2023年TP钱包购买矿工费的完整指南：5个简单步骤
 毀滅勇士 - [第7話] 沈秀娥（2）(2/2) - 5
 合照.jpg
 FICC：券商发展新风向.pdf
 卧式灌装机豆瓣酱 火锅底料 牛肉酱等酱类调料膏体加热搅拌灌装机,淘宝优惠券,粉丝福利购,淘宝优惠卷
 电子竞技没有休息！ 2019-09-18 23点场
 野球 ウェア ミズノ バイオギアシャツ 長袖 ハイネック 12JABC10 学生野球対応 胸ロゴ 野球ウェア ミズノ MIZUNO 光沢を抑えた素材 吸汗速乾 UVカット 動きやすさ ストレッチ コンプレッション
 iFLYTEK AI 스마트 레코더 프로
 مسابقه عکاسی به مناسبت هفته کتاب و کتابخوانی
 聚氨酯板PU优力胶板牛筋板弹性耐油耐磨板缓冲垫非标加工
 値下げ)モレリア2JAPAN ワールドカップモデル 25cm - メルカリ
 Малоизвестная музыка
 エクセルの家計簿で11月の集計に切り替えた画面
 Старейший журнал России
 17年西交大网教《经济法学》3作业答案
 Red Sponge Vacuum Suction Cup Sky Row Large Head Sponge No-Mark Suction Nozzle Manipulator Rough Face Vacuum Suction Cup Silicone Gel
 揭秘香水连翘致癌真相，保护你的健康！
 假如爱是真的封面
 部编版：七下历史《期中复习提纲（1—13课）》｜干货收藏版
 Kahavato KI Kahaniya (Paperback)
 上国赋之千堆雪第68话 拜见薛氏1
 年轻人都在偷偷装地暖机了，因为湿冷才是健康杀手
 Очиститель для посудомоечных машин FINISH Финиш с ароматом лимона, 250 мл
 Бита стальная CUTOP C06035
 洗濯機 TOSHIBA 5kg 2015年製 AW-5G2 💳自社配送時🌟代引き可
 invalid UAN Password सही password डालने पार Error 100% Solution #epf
__________
**Task instructions:** Lines wanted from the listing above: the line with "毀滅勇士 - [第7話] 沈秀娥（2）(2/2) - 5" up to and including the line with "値下げ)モレリア2JAPAN ワールドカップモデル 25cm - メルカリ". Please write them out exactly, adding nothing else.

**Solution to the exercise:**
 毀滅勇士 - [第7話] 沈秀娥（2）(2/2) - 5
 合照.jpg
 FICC：券商发展新风向.pdf
 卧式灌装机豆瓣酱 火锅底料 牛肉酱等酱类调料膏体加热搅拌灌装机,淘宝优惠券,粉丝福利购,淘宝优惠卷
 电子竞技没有休息！ 2019-09-18 23点场
 野球 ウェア ミズノ バイオギアシャツ 長袖 ハイネック 12JABC10 学生野球対応 胸ロゴ 野球ウェア ミズノ MIZUNO 光沢を抑えた素材 吸汗速乾 UVカット 動きやすさ ストレッチ コンプレッション
 iFLYTEK AI 스마트 레코더 프로
 مسابقه عکاسی به مناسبت هفته کتاب و کتابخوانی
 聚氨酯板PU优力胶板牛筋板弹性耐油耐磨板缓冲垫非标加工
 値下げ)モレリア2JAPAN ワールドカップモデル 25cm - メルカリ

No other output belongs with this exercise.